After a prologue that takes away some of the tension by revealing that she survives and escapes the nascent Soviet Union, we meet 16-year-old, St. Petersburg native Marina at a party for her aristocratic set early in 1917. She is struggling with her strong physical attraction for Kolya while also flirting with Communism via her friendship with the sharp-tongued Varvara. She doesn’t have any political convictions herself, but she empathizes with the poor. Her parents seem willing to let Marina and Kolya flirt, they are increasingly angry with her for her slumming with Varvara and the teeming millions of the city.
The Revolution of Marina M. covers 1917 through 1919. Marina is caught more than once by the rapidly developing violence of the Russian Revolution and subsequent civil war. She might have been able to keep her head down once she moves in with an anarchic group of Futurist poets, but she’s caught between jealous lovers, revolutionary friends, and aristocratic, anti-Bolshevik parents. The other people in her life never seem to show their best sides when Marina’s life is in peril. Granted, it’s hard to stick one’s neck out when the price might be starvation, imprisonment, or execution. On top of this, in Marina’s case, is the fact that most of the people in her life grow exasperated with her fickle heart and ineptitude. Something about Marina brings out the worst in a lot of people and they’re reluctant to do much for her.
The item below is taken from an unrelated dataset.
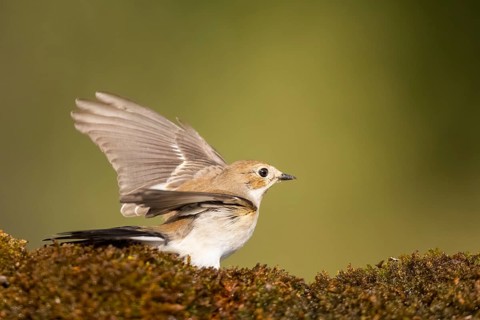 European Pied Flycatcher (Ficedula hypoleuca) in flight at a water pool, Pinos, Solsona, Catalonia,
In spite of all this, Marina somehow soldiers on. She survives hunger, kidnapping and rape, imprisonment, and treat of summary execution. Because of her attachment to her parents and her friends, she never becomes a devoted revolutionary. She does become a devoted survivor, though never in a way that stretched my credulity. What I did have a hard time believing was the strange ending sequence of the novel, when Marina falls in with a group of people practicing some kind of transcendentalist hooey. I could see this section as an internal revolution for our protagonist, in which she finally learns to stop relying on others to bail her out. But it’s so weird that the last 100+ pages just didn’t work for me. (The ending also leaves a big question unanswered.)
The Revolution of Marina M. is probably too long. It’s definitely too histrionic. But I’ll admit that I was hooked for most of it. By the time I got to the part I didn’t like, I was so close to the end I couldn’t quit. What I liked most about this book was the way that Fitch brought 1917 St. Petersburg back to life through the eyes of a bewildered girl. I imagine that Marina’s experience of politics was a common one; unlike dedicated Communists, most of what happened politically in those years seemed like one unexpected blow after another. Fitch has a deft hand with the research. So while The Revolution of Marina M. is definitely an imperfect book, it does have some things to recommend it to readers who are willing to put up with a heavy dose of melodrama in their historical fiction.
I received a free copy of this book from the publisher via NetGalley for review consideration. It will be released 7 November 2017.